* _What to produce_: For each entry, output its words exactly and leave any picture behind.

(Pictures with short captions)
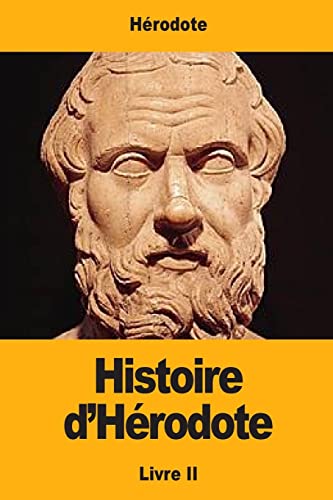 Histoire d'Hérodote: Livre II (French Edition)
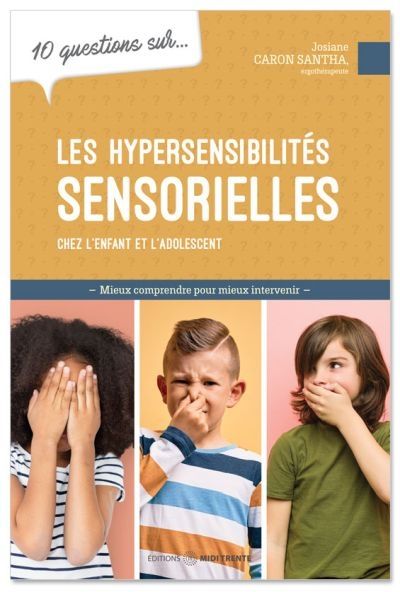 10 QUESTIONS SUR... LES HYPERSENSIBILITES SENSORIELLES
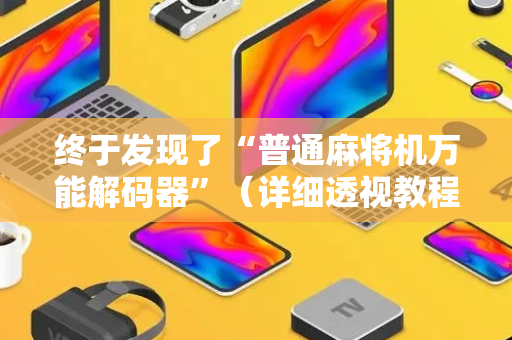 终于发现了“普通麻将机万能解码器”（详细透视教程）-哔哩哔哩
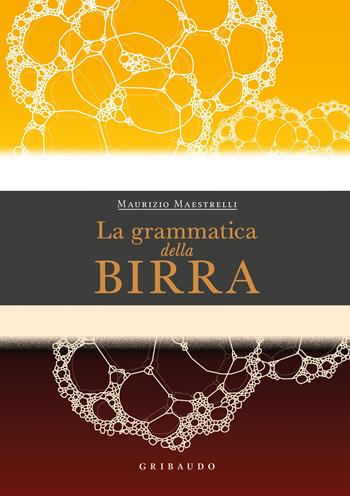 La grammatica della birra - Maurizio Maestrelli - Libro Gribaudo 2023, Passioni | Libraccio.it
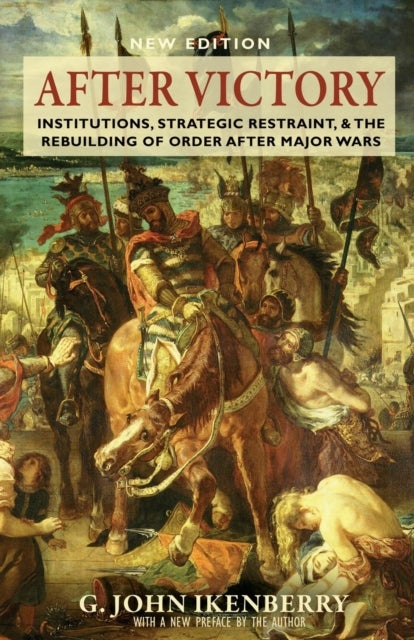 After Victory - Institutions, Strategic Restraint, and the Rebuilding of Order after Major Wars, New Edition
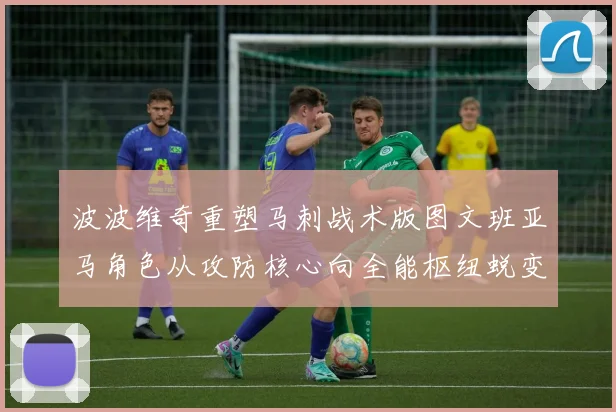 波波维奇重塑马刺战术版图文班亚马角色从攻防核心向全能枢纽蜕变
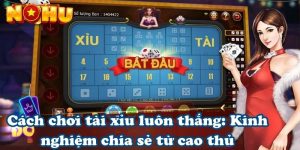 Cách chơi tài xỉu luôn thắng: Kinh nghiệm chia sẻ từ cao thủ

* _Reply_:
 Histoire d'Hérodote: Livre II (French Edition)
 10 QUESTIONS SUR... LES HYPERSENSIBILITES SENSORIELLES
 终于发现了“普通麻将机万能解码器”（详细透视教程）-哔哩哔哩
 La grammatica della birra - Maurizio Maestrelli - Libro Gribaudo 2023, Passioni | Libraccio.it
 After Victory - Institutions, Strategic Restraint, and the Rebuilding of Order after Major Wars, New Edition
 波波维奇重塑马刺战术版图文班亚马角色从攻防核心向全能枢纽蜕变
 Cách chơi tài xỉu luôn thắng: Kinh nghiệm chia sẻ từ cao thủ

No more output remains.